The MASM Forum
General => The Campus => Topic started by: jj2007 on February 11, 2018, 12:18:46 PM

Some special ways to move a number into an XMM register:
xorps xmm0, xmm0 ; set to zero, 3 bytes
pxor xmm0, xmm0 ; set to zero, 4 bytes
pcmpeqb xmm0, xmm0 ; set to 1 = FFFFFFFF FFFFFFFF FFFFFFFF FFFFFFFFh, 4 bytes
m2m edx, 127
movd xmm0, edx ; set to 1 ... 127, 7 bytes
movd xmm0, MyDword ; set to any DWORD range number, 8+4=12 bytes
movups xmm0, MyOword ; 7+16=23 bytes

The PUNPCKLBW, PUNPCKLWD, PUNPCKLDQ
I found out by using same reg on both operand you can unpack same dword/real4 or Word or byte values to a full XMM reg
movd xmm0,eax
PUNPCKLDQ xmm0,xmm0
sorry but it works only with mmx regs
maybe combined with other unpack it works for those who havent SSSE3 PSHUFB to fill XMM reg with one byte
wonder if I start a workerthread, if xmm regs are already zeroed or not?

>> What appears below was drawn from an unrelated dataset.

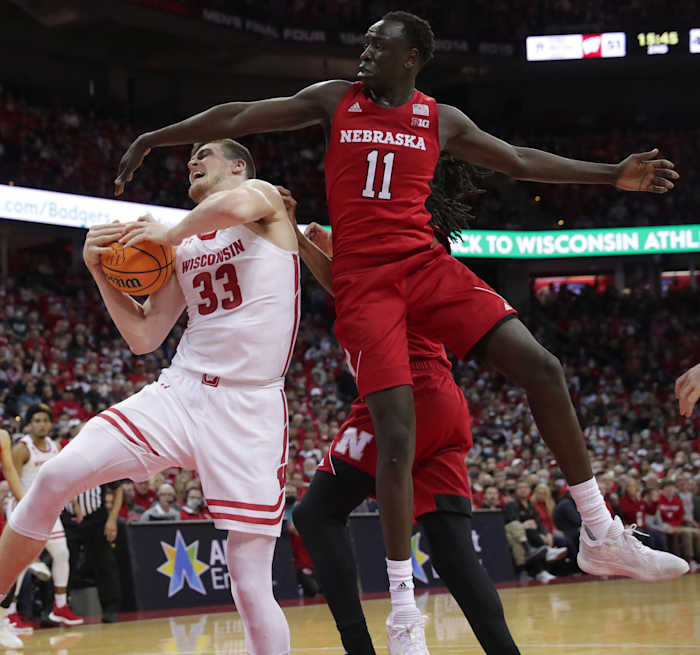 Lat Mayen MBB vs Wisconsin 2022.03.06 USATSI_17844362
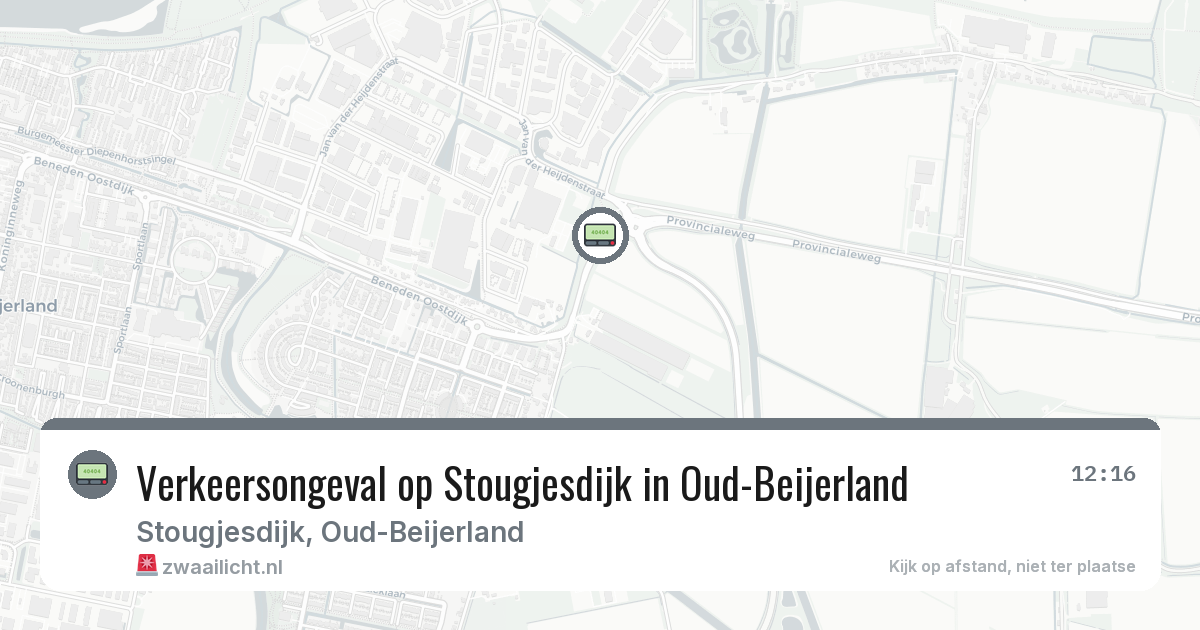 Verkeersongeval op Stougjesdijk in Oud-Beijerland — 10 mrt 2026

How can you fill a "full" xmm reg? In my tests it fills either the lower or upper half... but pshufd does the full job:
include \masm32\MasmBasic\MasmBasic.inc ; download (http://masm32.com/board/index.php?topic=94.0)
Init
mov eax, 12345678h
movd xmm0,eax
PUNPCKLDQ xmm0,xmm0
deb 4, "PUNPCKLDQ", x:xmm0
movd xmm0,eax
PSHUFD xmm0,xmm0, 0
deb 4, "PSHUFD ", x:xmm0
EndOfCode
Result:
PUNPCKLDQ x:xmm0 00000000 00000000 12345678 12345678
PSHUFD x:xmm0 12345678 12345678 12345678 12345678
> wonder if I start a workerthread, if xmm regs are already zeroed or not?
It seems so, at least on Win764, but if it's not a documented feature, you better not rely on it 8)

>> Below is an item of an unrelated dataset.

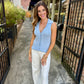 Sandy Halter Vest- Light Blue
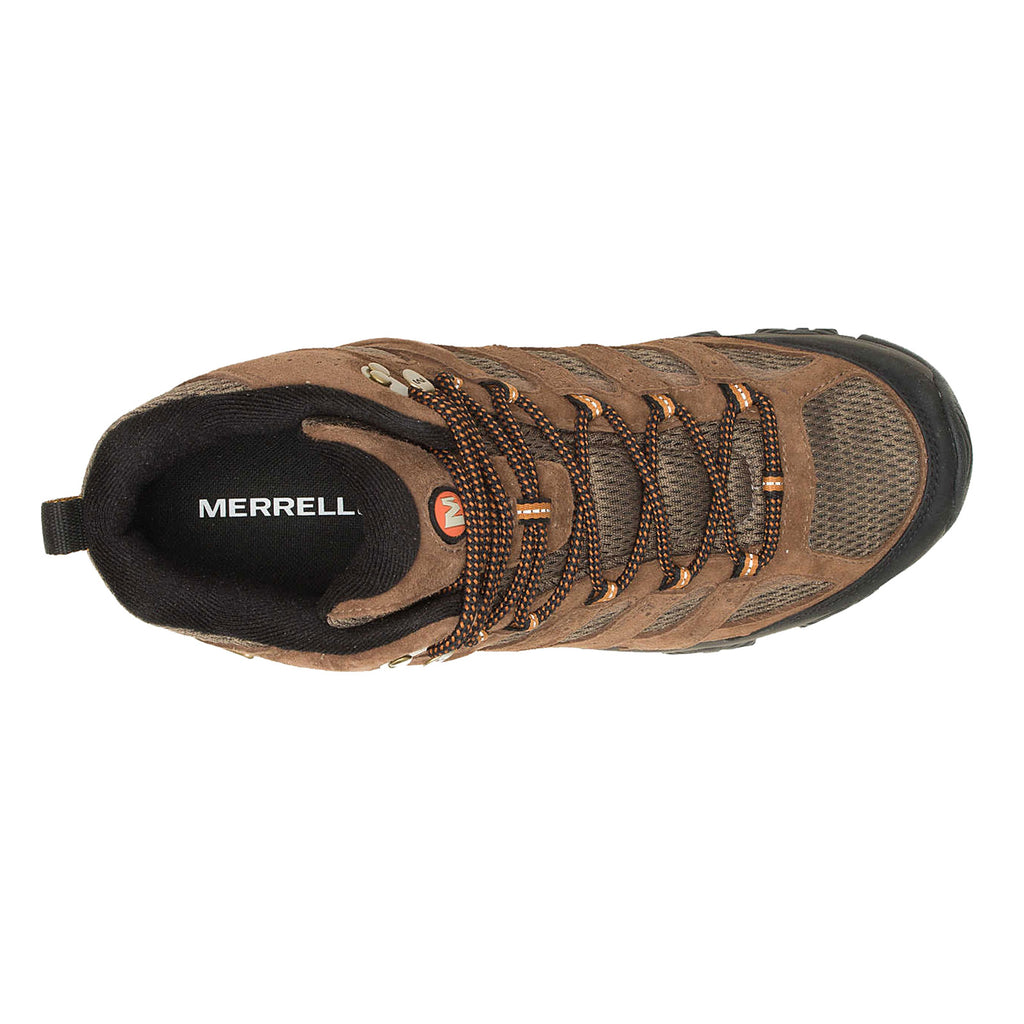 Men's Merrell Moab 3 Mid Waterproof Hiking Boot - Wide Width EARTH J035839WZ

you can fill xmm regs with LUT of most useful mathematical functions, and when you dont need precision you can take two neighbouring Points and (x1+x2)/2 to get approximation of a Point between them
its useful to change signs of several values into a negative curve
so your zero out gets more useful
xorps xmm0,xmm0
subps xmm0,xmm1 ;xmm1 contains positive constants,for example for a sine curve

you can fill xmm regs with LUT of most useful mathematical functions, and when you dont need precision you can take two neighbouring Points and (x1+x2)/2 to get approximation of a Point between them
Sinus() (http://www.webalice.it/jj2006/MasmBasicQuickReference.htm#Mb1334) uses a variant of this method. About 7 times faster than the FPU's fsin, and equally precise, i.e. REAL10 precision.

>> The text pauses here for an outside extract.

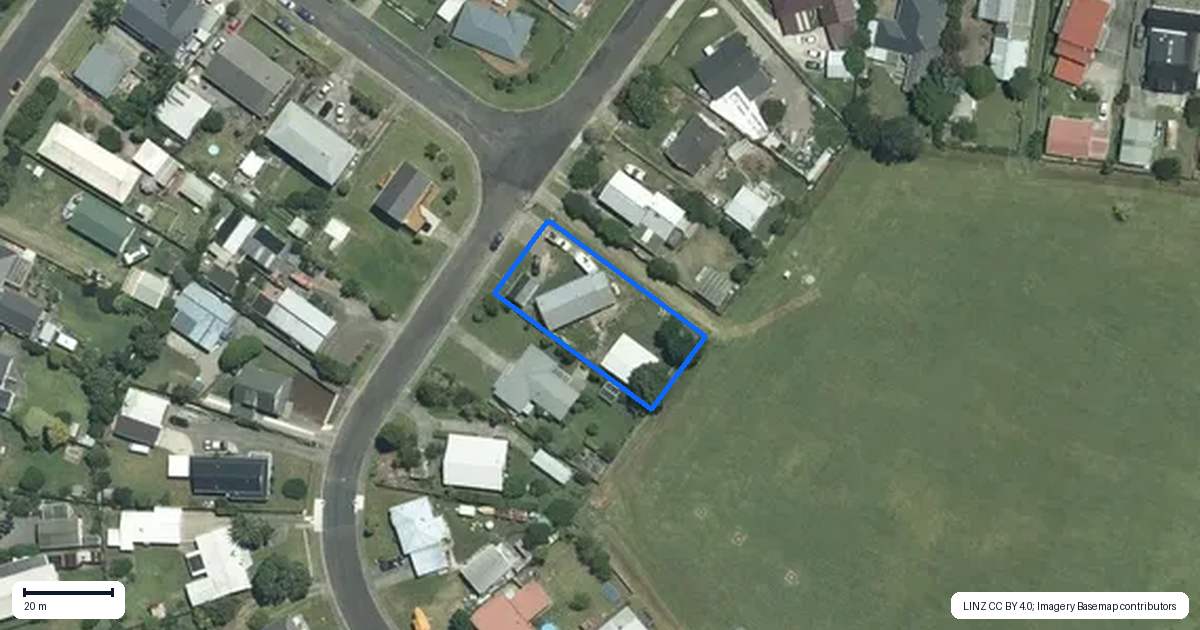 Property context map for 29 Catherine Crescent, Whitianga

you can fill xmm regs with LUT of most useful mathematical functions, and when you dont need precision you can take two neighbouring Points and (x1+x2)/2 to get approximation of a Point between them
Sinus() (http://www.webalice.it/jj2006/MasmBasicQuickReference.htm#Mb1334) uses a variant of this method. About 7 times faster than the FPU's fsin, and equally precise, i.e. REAL10 precision.
Masmbasic looks nice,would be nice to try graphics interface,sprites?tile engine?